Manitoba

Manitobans brace for lonely Christmas with most at-home visits banned

Manitobans are gearing up for a lonely Christmas after the province extended a ban on visitors to private residences with few exceptions into the new year.

Province has the 2nd-highest rate of COVID-19 infections, deaths per capita

Margaret and George Dupre, front, won't be coming over to their family's homes for Christmas. Their granddaughter Rachel Kemp is devastated. (Submitted by Rachel Kemp)

Rachel Kemp looks forward to spending Christmas with her grandparents every year. Because of their ages — 89 and 90 — she knows time is precious.

"With them being at that age, it could be potentially, possibly their last Christmas here," Kemp said.

She won't be seeing her grandparents this year after Manitoba announced Tuesday it was extending its public health order that bans visitors to private residences with few exceptions into the new year.

It was the announcement Kemp's family has been dreading.

"They're very lonely and we won't get to see them at Christmas time. My grandmother phoned last month, and she's crying because she's like, 'This is going to be our last Christmas, there's no Christmas for us this year.'"

The extended restrictions came as Manitoba's COVID-19 death toll hit 420 Tuesday — a rate that is the second highest per capita in the country. By comparison, just over a month ago the province was recording its 100th death.

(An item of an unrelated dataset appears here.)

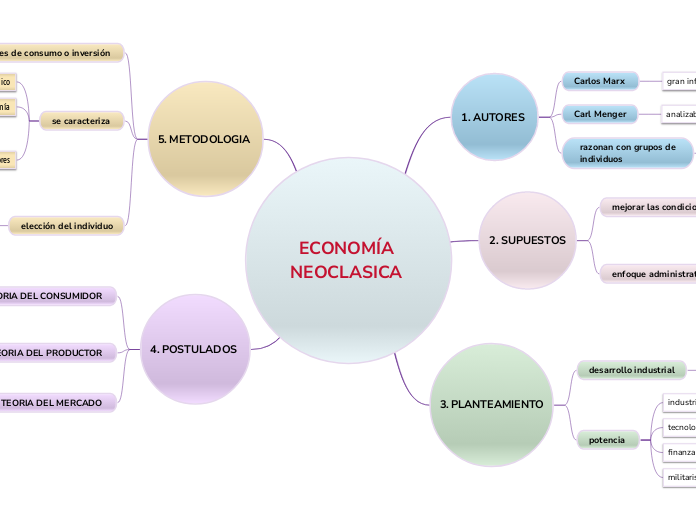 ECONOMÍA NEOCLASICA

While Manitoba no longer has the highest rate of new COVID-19 infections in the country with Alberta now claiming that figure, over the last week the province still had the second-worst rate of new infections per capita.

Kemp thinks the public health order, which allows people who live alone to have one visitor, could be more relaxed.

"Maybe open it up to have a couple more people because they are allowing people [to] go in Walmart, you can go shopping. We're still getting access to other people," she said.

Winnipeggers had mixed thoughts about the extension of the order in interviews with CBC.

Jasmine Alfaro thinks the order is unfair to people who don't live with relatives.

Margaret and George Dupre celebrating their 70th wedding anniversary this past July. (Submitted by Rachel Kemp)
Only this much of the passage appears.